Integration with Matplotlib for Custom Plots#
Visualizing data is a key step in data analysis, providing insights that are not apparent from raw data alone. Pandas integrates smoothly with Matplotlib, a popular plotting library in Python, to offer versatile options for data visualization. This chapter will show how to create custom plots using Pandas and Matplotlib.
Custom Plotting#
Pandas' plotting capabilities are built on Matplotlib, allowing for straightforward generation of various types of plots directly from DataFrame and Series objects.
Line Plot#
Here's how to create a simple line plot displaying trends over a series of values:
import pandas as pd
import matplotlib.pyplot as plt
# Sample data
data = {'Year': [2010, 2011, 2012, 2013, 2014],
'Sales': [100, 150, 200, 250, 300]}
df = pd.DataFrame(data)
# Plotting
df.plot(x = 'Year', y = 'Sales', kind = 'line')
plt.title('Yearly Sales')
plt.ylabel('Sales')
plt.show()
Histogram#
Histograms are great for visualizing the distribution of numerical data:
# Sample data
data = {'Grades': [88, 92, 80, 89, 90, 78, 84, 76, 95, 92]}
df = pd.DataFrame(data)
# Plotting a histogram
df['Grades']\
.plot(kind = 'hist',
bins = 5,
alpha = 0.7)
plt.title('Distribution of Grades')
plt.xlabel('Grades')
plt.show()
Scatter Plot#
Scatter plots are used to observe relationships between variables:
# Sample data
data = {'Hours': [1, 2, 3, 4, 5],
'Scores': [77, 78, 85, 93, 89]}
df = pd.DataFrame(data)
# Creating a scatter plot
df.plot(kind = 'scatter', x = 'Hours', y = 'Scores')
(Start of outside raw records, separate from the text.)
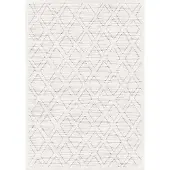 Narma matto Voose valkoinen 100x240 cm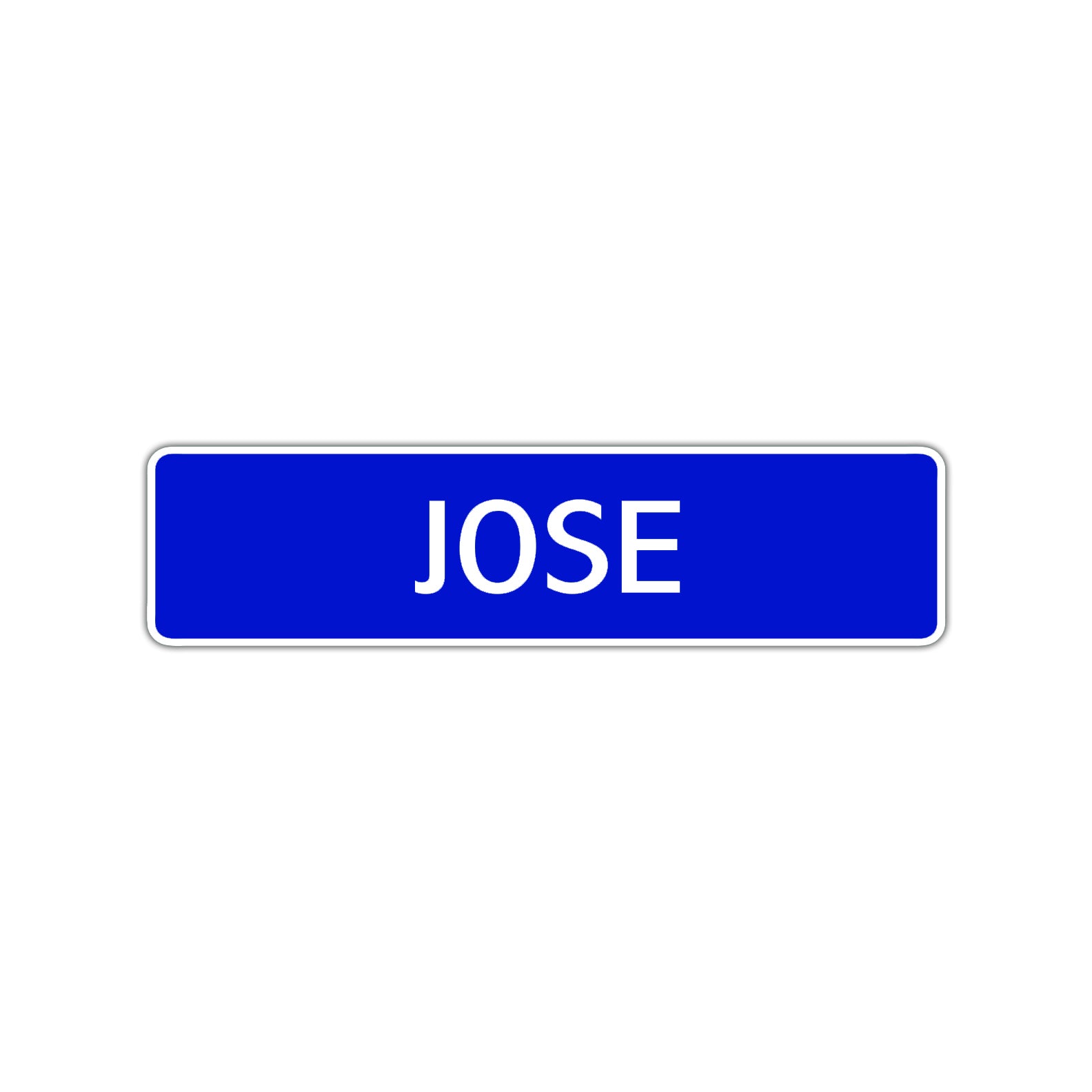 Jose Street Sign Children Name Room Plate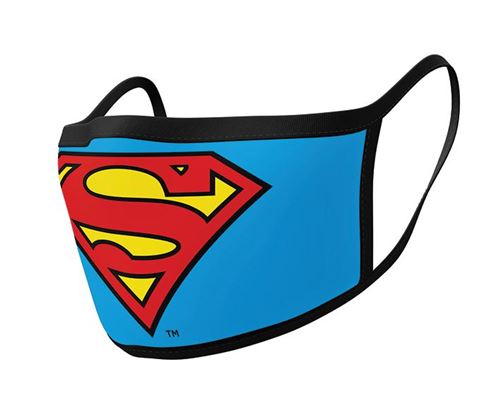 DC COMICS-SUPERMAN-SET DE 2 MASQUES VISAGE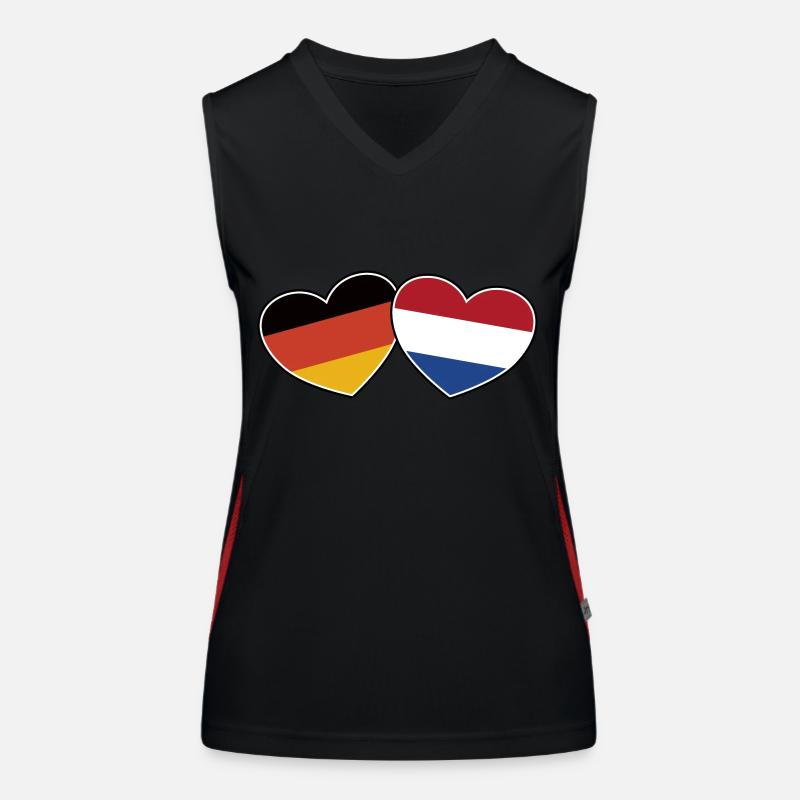 Deutsch Holländische Freundschaft - Geschenk Funktionelles Kontrast-Tank Top für Frauen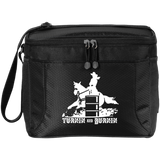 TURNIN AND BURNIN BARREL RACING (white) 4HORSE BG513 12-Pack Cooler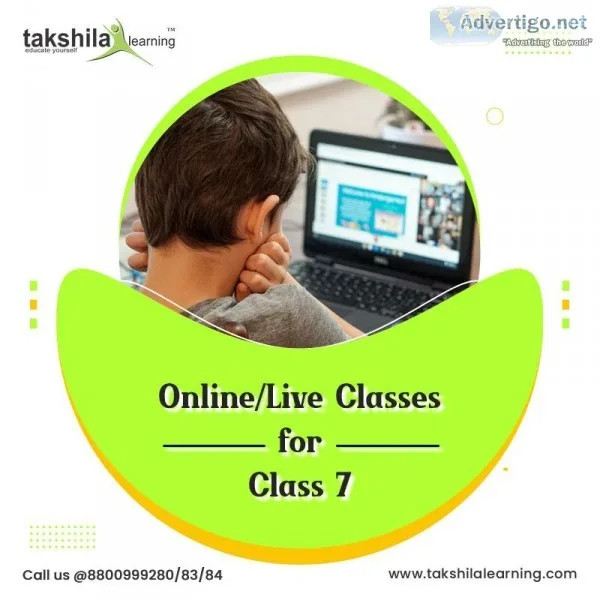 Live Class 7  Online Tuition for Class 7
plt.title('Test Scores by Hours Studied')
plt.xlabel('Hours Studied')
plt.ylabel('Test Scores')
plt.show()
Bar Chart#
Bar charts are useful for comparing quantities corresponding to different groups:
# Sample data
data = {'Bars': ['A', 'B', 'C', 'D'],
'Values': [10, 15, 7, 10]}
df = pd.DataFrame(data)
# Creating a bar chart
df.plot(kind = 'bar',
x = 'Bars',
y = 'Values',
color = 'blue',
legend = None)
plt.title('Bar Chart Example')
plt.ylabel('Values')
plt.show()
These examples illustrate how to integrate Pandas with Matplotlib to create informative and visually appealing plots. This integration is vital for analyzing trends, distributions, relationships, and patterns in data effectively.